Bu hafta sonu Samsun’da fındık üretilen yüksek kesim köylerde dolaşma fırsatı buldum. Malum sahil kesimindeki fındık üreticisi fındığını topladı sattı. Ancak yüksek kesimlerde fındık toplamaya yeni başlayan yerler var.
Fındık fiyatları herkesin malum olduğu üzere sezona 17 TL civarından başlayıp bir nebze olsun bir düşüşle 15 TL civarlarına kadar geriledi. Zaten Cumhurbaşkanı Recep Tayyip Erdoğan’ın da açıkladığı fındık taban fiyatı bu seviyelerde idi.
Ancak gezdiğim köylerde şok edici bir tablo ile karşılaştım. 13 TL’den fındık satıldığını duyunca ilk aklıma randıman düşüklüğü geldi. Ama maalesef sebep bu değil.
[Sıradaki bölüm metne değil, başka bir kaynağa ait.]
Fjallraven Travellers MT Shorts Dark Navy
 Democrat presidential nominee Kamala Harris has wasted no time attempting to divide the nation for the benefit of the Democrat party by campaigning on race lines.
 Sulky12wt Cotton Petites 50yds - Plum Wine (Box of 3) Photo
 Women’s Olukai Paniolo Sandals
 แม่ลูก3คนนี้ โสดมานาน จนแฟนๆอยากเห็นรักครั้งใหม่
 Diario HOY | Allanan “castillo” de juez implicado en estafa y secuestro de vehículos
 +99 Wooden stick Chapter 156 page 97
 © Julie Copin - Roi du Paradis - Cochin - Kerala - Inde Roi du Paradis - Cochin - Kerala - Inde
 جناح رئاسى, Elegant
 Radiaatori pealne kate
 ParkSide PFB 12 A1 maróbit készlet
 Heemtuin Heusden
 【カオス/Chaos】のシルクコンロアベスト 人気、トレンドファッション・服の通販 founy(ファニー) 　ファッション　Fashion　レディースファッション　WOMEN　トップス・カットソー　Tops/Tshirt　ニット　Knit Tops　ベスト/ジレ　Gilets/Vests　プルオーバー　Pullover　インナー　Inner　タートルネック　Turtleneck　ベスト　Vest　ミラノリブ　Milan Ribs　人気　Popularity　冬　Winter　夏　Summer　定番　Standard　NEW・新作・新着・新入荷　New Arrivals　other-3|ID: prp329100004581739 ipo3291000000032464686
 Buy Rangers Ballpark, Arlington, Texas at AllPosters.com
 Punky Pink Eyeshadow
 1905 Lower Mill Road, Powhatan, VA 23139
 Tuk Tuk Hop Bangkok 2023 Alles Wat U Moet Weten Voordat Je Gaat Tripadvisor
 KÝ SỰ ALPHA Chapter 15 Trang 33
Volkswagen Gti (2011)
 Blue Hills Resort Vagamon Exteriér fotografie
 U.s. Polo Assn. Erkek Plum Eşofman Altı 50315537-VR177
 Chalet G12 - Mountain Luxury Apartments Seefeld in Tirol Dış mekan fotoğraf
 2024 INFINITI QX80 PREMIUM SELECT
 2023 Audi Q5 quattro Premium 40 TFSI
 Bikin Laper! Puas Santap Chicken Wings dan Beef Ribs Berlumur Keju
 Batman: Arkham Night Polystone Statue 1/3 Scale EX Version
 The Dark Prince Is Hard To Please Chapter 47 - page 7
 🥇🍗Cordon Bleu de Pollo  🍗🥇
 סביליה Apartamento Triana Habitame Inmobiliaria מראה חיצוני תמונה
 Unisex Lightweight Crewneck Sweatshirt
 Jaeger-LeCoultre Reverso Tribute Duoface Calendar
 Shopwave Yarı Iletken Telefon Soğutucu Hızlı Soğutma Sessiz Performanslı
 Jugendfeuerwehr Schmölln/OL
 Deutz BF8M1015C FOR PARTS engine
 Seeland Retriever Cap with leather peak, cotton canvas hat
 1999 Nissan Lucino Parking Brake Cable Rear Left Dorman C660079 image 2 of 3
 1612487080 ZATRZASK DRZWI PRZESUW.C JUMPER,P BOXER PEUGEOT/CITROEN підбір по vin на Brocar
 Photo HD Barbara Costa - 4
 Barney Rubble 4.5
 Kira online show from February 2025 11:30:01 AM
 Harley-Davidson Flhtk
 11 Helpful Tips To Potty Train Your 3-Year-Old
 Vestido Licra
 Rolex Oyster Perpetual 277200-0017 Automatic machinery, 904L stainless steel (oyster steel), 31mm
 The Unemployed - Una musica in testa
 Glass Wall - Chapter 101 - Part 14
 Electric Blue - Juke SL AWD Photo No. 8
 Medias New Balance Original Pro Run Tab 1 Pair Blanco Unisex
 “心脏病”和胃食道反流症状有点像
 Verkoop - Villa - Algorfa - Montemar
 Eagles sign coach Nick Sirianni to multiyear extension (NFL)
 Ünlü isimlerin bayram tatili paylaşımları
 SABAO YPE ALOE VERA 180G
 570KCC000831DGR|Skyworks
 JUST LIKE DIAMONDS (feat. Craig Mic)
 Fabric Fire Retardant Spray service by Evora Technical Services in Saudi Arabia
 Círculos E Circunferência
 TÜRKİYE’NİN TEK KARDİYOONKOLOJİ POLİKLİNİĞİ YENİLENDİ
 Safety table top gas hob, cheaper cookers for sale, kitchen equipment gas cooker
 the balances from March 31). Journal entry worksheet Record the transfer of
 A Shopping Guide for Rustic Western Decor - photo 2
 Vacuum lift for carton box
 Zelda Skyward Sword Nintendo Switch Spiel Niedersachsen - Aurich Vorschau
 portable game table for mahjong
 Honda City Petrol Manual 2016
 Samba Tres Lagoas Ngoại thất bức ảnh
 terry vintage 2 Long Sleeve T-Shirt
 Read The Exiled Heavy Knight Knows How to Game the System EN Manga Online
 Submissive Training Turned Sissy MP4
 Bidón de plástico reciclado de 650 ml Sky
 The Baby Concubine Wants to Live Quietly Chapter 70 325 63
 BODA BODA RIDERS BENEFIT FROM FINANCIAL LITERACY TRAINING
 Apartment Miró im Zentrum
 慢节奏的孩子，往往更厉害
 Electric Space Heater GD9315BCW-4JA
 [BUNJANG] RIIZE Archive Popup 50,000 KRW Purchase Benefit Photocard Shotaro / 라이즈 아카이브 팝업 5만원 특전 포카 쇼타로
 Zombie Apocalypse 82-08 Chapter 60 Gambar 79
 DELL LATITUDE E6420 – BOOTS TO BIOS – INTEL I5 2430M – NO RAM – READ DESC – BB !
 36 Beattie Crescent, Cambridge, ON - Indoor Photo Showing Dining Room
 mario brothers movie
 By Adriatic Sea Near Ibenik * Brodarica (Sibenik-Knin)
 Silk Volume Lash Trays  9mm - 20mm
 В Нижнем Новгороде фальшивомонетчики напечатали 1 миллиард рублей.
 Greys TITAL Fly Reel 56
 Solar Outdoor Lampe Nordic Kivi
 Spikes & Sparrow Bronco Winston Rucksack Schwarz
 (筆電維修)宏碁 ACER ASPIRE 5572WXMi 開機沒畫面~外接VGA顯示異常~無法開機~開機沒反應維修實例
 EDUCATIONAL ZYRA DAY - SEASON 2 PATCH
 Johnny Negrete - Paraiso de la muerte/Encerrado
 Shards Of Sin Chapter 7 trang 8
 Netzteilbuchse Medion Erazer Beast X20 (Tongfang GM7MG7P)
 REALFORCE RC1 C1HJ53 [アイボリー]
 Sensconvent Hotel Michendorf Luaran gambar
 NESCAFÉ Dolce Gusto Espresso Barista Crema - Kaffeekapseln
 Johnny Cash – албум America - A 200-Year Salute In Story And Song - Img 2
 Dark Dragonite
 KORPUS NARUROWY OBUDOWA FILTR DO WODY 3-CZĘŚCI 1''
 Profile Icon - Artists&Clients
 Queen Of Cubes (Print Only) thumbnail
Sebep karakter düşüklüğü, insanlık düşüklüğü ve maalesef para hırsının yüzde yüz randımanlı oluşu.
İçinde bulunduğumuz ay okulların açılma ayı. Okul üniformaları, defter, yardımcı kitap derken anne baba nereye yetişeceğini şaşırıyor.
Dolayısı ile köyde geçim kaynağı fındık olan ve gurbete gidememiş yada işleri gurbette rast gitmemiş bir baba fındığını satıp çocuk okutacak.
Kene tüccarlar da bunun farkında tabi. Fırsat bu fırsat 13 TL fiyat biçiyor o babanın randımanı yüksek fındığına. Bu fındık tüccarları tanıyor köylüyü tabi kimin ihtiyacı var? Kimin durumu iyi biliyorlar. Ne yapsın bu baba? Ne yapar ne eder okutur çocuğunu. 13 TL ise 13 TL. Alın teri heba olmuş. Hakkı yenmiş umurunda olur mu? Zaman bunları düşünme zamanı değil. Yeter ki evladı okusun. Arkadaşlarının yanında rencide olmasın. Evladının her şeyi bi tamam olsun.
O keneler de gerine gerine ettiği karı düşünsün. Bu işin ahireti de var.
Baba fındığını 13 TL’den satarak kenelerden kurtulabildi mi ? Hayır. Daha sırada okul dönemi bir tişörte okul üniforması altında 70 TL para isteyen keneler var.
O anne babaya Allah kolaylık versin. Fırsatçı kenelere fındık ilacı da fayda etmez kene ilacı da. Bunlar Kırım Kongo kenesinden daha beter keneelr.
Ah bir düşseler artık bu milletin yakasından. Milletin kanını emdikleri yeter. Unutmasınlar ki; “Mazlumun ahı indirir şahı, padişahı”
Millet olarak birbirimizden, birbirimizin zor gününden, zor zamanından, ihtiyacından faydalanma anlayışından vaz geçelim. Millet olmak demek asıl bunu başarabilmektir.